▸ Records for the exercise:
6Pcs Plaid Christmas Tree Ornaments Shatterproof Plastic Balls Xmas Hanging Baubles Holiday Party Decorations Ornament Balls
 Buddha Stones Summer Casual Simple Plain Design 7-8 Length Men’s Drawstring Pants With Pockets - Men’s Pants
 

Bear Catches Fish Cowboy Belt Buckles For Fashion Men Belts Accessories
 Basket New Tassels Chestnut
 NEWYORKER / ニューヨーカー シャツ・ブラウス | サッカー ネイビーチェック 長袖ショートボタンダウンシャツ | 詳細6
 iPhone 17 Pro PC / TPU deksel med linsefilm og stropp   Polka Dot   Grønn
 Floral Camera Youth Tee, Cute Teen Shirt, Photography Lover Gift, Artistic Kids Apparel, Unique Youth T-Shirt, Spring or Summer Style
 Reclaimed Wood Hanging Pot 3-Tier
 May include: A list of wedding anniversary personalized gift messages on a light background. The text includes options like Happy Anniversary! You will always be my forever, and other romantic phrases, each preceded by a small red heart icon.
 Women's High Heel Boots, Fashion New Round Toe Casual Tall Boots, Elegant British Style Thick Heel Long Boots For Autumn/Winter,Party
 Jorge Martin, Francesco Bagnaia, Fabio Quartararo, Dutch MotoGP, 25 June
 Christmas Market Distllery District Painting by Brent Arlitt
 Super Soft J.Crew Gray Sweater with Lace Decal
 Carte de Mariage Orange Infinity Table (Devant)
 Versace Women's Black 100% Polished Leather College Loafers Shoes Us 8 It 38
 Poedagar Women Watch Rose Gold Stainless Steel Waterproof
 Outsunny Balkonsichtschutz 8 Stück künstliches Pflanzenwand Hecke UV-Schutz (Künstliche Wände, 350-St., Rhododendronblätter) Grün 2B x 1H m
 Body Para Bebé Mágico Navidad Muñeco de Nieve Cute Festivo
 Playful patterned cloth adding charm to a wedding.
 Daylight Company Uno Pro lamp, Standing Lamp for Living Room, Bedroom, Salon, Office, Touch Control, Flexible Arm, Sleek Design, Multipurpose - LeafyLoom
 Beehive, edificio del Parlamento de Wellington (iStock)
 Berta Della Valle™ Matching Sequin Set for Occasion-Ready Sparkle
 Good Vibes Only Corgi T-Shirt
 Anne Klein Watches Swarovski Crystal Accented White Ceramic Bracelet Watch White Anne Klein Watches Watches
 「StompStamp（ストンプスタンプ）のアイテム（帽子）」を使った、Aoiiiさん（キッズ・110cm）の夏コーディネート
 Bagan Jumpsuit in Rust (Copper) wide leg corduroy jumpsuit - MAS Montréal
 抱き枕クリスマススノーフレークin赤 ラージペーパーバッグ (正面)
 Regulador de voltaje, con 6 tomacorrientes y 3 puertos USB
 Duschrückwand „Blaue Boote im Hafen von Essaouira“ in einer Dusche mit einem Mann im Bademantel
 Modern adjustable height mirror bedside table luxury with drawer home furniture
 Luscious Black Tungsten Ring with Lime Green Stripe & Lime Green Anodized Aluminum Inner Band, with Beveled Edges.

▸ Task description: Find each line in the records above that contains "Cute", and copy it.

▸ Answer area:
 Floral Camera Youth Tee, Cute Teen Shirt, Photography Lover Gift, Artistic Kids Apparel, Unique Youth T-Shirt, Spring or Summer Style
 Body Para Bebé Mágico Navidad Muñeco de Nieve Cute Festivo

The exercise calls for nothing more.